(Brief descriptive captions)

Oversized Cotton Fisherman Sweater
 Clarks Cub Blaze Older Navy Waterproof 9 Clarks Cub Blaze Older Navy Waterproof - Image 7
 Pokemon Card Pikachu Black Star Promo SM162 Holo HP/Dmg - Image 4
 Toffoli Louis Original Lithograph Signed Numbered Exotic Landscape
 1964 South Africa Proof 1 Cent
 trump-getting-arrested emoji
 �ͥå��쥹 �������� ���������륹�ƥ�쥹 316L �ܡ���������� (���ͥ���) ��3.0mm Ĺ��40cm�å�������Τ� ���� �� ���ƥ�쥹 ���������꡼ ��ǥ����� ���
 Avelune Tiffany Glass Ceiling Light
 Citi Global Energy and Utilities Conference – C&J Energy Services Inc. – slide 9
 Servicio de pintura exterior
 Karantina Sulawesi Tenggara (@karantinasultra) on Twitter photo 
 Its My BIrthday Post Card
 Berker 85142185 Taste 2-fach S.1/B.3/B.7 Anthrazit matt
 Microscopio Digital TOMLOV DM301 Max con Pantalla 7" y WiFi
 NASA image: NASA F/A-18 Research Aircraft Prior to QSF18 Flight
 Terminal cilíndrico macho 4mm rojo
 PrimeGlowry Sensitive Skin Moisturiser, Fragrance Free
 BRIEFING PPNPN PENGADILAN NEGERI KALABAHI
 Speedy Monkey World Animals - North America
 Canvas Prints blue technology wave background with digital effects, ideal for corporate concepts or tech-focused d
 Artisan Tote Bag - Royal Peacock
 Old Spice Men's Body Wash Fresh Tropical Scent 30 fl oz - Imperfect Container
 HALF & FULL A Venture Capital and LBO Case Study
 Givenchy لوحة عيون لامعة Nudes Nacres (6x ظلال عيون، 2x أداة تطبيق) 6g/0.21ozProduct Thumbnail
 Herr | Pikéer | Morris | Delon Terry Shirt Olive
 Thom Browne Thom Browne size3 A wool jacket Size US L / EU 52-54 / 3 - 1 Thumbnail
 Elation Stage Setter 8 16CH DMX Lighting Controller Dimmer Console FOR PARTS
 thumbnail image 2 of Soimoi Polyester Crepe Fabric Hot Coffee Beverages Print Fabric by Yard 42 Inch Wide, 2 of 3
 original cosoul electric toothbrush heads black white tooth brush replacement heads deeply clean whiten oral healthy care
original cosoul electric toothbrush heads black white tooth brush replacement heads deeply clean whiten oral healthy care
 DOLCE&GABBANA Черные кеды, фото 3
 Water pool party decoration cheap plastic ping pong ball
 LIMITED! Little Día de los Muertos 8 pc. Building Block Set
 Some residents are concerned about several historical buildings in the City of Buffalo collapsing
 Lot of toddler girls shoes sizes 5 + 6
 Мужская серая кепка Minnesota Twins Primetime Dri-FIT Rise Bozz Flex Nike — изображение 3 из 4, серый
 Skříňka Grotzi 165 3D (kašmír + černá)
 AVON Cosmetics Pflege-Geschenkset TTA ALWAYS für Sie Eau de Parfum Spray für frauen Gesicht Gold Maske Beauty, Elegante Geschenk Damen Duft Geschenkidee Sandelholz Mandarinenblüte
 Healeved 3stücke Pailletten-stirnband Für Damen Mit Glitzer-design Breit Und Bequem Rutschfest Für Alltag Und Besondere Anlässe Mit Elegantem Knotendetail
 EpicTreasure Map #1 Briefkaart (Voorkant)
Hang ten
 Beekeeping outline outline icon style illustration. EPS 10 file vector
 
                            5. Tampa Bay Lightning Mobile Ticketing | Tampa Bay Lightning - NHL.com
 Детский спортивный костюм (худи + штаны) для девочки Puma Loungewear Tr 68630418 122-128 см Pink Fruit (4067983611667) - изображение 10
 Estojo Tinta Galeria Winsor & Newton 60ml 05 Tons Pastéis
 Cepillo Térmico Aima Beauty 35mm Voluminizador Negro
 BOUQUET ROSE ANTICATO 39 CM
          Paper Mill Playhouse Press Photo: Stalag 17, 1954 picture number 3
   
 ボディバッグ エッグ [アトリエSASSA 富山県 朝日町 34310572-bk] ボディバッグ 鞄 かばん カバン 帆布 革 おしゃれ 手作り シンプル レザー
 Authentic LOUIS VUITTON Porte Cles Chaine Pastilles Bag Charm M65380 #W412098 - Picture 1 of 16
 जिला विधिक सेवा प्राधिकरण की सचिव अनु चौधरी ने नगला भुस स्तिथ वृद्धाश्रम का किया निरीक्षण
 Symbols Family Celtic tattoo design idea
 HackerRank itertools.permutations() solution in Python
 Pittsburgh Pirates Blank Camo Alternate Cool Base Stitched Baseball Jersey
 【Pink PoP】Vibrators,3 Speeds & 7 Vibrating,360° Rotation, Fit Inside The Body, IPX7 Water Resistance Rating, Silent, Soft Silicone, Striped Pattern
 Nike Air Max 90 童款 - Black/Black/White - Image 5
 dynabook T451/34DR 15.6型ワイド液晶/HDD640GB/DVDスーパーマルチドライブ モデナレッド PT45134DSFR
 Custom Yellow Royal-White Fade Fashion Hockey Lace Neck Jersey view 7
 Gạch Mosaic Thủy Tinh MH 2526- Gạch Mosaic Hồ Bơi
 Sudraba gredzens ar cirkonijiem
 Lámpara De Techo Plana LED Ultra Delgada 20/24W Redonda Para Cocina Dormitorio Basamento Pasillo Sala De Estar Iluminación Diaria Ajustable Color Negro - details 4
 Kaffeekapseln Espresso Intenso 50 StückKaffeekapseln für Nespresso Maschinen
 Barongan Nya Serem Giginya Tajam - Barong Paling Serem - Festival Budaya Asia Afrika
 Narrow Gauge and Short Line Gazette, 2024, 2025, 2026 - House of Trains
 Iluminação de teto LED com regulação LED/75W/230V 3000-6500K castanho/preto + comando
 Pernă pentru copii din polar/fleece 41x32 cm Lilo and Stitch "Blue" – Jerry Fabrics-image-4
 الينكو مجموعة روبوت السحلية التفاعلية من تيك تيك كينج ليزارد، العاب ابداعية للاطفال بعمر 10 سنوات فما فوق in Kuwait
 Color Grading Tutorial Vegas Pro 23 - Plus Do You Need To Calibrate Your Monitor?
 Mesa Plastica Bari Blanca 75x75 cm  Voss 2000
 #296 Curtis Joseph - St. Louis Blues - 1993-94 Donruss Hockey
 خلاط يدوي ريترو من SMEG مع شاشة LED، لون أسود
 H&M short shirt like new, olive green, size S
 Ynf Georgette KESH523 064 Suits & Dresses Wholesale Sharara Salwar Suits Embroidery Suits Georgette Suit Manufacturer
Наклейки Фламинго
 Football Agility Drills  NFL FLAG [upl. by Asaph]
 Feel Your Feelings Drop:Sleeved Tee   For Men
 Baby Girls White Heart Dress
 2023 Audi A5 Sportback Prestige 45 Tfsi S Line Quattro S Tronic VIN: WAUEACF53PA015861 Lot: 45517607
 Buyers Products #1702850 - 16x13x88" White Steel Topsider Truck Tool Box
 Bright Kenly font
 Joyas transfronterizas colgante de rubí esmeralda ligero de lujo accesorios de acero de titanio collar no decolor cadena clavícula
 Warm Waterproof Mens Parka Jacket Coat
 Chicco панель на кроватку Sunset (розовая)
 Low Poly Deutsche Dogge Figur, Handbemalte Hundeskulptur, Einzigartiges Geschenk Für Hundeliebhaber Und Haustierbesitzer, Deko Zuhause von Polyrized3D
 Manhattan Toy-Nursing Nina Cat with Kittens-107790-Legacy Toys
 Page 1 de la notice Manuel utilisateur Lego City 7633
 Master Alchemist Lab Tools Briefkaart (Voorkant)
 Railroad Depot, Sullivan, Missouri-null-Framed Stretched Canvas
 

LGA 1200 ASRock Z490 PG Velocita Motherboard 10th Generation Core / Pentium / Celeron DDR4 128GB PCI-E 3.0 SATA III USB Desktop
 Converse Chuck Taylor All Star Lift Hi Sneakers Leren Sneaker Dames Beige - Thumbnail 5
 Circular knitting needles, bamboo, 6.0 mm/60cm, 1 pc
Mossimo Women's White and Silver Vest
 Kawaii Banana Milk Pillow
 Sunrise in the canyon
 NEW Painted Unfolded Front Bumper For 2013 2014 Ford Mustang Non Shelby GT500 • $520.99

## PROBLEM TO SOLVE
Reprint exactly the lines above that start at the one with "Speedy Monkey World Animals - North America" and end at the one with "Old Spice Men's", keeping both and adding none.

## OUTPUT FOR THIS EXERCISE
 Speedy Monkey World Animals - North America
 Canvas Prints blue technology wave background with digital effects, ideal for corporate concepts or tech-focused d
 Artisan Tote Bag - Royal Peacock
 Old Spice Men's Body Wash Fresh Tropical Scent 30 fl oz - Imperfect Container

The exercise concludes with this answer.